**What you will do:** Only one span of the listing below should come back. It runs from the line with "Fish and chips with tartar sauce on a plate" through the line with "People hold placards", and each of its lines must be reproduced exactly.

**Records for this task:**
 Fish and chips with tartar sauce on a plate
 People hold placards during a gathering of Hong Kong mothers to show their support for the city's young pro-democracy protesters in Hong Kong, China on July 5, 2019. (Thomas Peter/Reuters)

---

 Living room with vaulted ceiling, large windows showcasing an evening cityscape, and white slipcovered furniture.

...

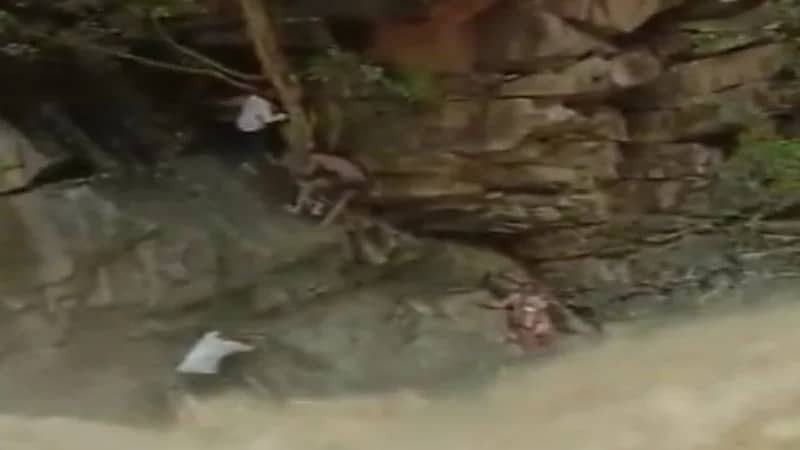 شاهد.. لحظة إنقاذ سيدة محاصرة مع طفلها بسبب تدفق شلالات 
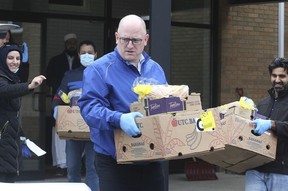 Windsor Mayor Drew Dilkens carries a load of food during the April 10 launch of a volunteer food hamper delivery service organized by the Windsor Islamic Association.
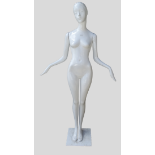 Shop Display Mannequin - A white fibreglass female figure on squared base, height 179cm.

**Result of this task:**
 Fish and chips with tartar sauce on a plate
 People hold placards during a gathering of Hong Kong mothers to show their support for the city's young pro-democracy protesters in Hong Kong, China on July 5, 2019. (Thomas Peter/Reuters)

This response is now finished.